Caveat - there are times when someone else’s behavior is triggering a fear of yours. In these cases it’s not necessarily that they’re shining a spotlight on a disowned part of you, it could just be that you’re scared. I’ll focus on the former example for the most part in this post, but the process applies either way.
There’s a simple process by which we can reclaim the truth of what’s really going on in the situation, empower ourselves, and find more compassion and acceptance of others. It’s a process called Owning Judgements. I didn’t invent it, I learned it from one of my mentors Reuvain Bacal.
The process unfolds over three simple steps
Name the judgment
Acknowledge whatever is happening for you internally that you’re trying to avoid by putting the judgment on the other person
Claim a desire for what you want going forward
And specifically, the language I use is:
I judge you that…(fill in the behavior and label you’re putting on the other person)
What that brings up in me that I have been unwilling to feel or acknowledge is…(fill in your internal experience usually including emotions like sadness, fear, shame)
What I want (from you, for you, for me, etc) is…
Let’s have an example to make this clear. And a word of clarification first - I recommend doing this process only with people you have a strong relationship with, and who understand the process. You can do it on your own or with a friend’s help for someone that you judge but don’t actually know.

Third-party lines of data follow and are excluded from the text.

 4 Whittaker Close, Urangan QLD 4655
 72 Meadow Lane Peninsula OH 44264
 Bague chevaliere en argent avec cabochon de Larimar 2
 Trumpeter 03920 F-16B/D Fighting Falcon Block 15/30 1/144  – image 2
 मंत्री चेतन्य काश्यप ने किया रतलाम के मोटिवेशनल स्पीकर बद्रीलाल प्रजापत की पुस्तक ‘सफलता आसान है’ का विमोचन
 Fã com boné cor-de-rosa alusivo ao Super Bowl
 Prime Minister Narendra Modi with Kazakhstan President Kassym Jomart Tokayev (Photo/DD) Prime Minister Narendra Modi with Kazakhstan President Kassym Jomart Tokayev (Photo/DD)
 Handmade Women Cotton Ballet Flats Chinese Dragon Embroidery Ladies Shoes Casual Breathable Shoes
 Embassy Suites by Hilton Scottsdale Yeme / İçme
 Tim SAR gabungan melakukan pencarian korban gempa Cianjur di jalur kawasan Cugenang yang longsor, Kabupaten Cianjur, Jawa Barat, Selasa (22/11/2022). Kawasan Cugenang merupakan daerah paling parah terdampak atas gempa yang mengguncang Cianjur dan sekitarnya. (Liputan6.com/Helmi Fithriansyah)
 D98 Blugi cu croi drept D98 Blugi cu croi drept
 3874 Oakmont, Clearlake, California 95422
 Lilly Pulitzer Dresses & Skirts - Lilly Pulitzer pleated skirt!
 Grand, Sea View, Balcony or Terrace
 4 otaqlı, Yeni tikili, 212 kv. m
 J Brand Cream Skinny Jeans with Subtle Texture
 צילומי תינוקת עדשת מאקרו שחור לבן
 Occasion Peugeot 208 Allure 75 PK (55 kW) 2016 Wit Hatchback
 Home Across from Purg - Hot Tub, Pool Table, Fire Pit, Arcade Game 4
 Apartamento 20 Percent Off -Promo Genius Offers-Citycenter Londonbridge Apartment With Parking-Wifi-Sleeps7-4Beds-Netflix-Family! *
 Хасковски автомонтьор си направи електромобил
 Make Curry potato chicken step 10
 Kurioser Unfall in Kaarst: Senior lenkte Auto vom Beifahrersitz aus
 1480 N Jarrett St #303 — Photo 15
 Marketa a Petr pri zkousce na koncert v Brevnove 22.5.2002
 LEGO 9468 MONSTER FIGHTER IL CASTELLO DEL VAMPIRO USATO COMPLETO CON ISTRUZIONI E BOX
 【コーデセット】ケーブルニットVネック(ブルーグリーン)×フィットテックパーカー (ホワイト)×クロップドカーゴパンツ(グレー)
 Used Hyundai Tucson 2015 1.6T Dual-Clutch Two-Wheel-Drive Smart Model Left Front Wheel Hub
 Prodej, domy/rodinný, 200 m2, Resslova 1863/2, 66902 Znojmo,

Let’s say you meet someone at an event and they seem inauthentic to you. They’re putting on a nice face and talking about all the wonderful things in their life, but it rings hollow in your perception. You judge them as fake or phony, and you feel kind of grossed out.
Well, here’s where the process starts. You would say to yourself or whichever trusted people are there with you, I judge this person as a fake or phony when they seem to put on a nice face but don’t mean it. What that’s bringing up for me that I’ve been unwilling to acknowledge is that I do that same behavior when I meet new people, and I don’t like that about myself. I feel ashamed about that. What I want for me, them, and everyone else is to feel comfortable being honest and authentic even when I’m not feeling great about myself.
Now you have clarity on what’s really going. The projection or judgment has been pulled back to you, and you’re no longer pointing the finger at them. I find this empowering, because when you take ownership of the truth, you also gain ownership of the power to work with it. If you want long term resolution of this pattern and many others like it, the best path I know is to identify and eliminate the beliefs that are driving your behavior of being inauthentic when you meet new people in the first place. Once you eliminate those beliefs, you’ll feel comfortable just being yourself, and it usually won’t bother you when other people aren’t being authentic because you understand they’re just operating from their beliefs.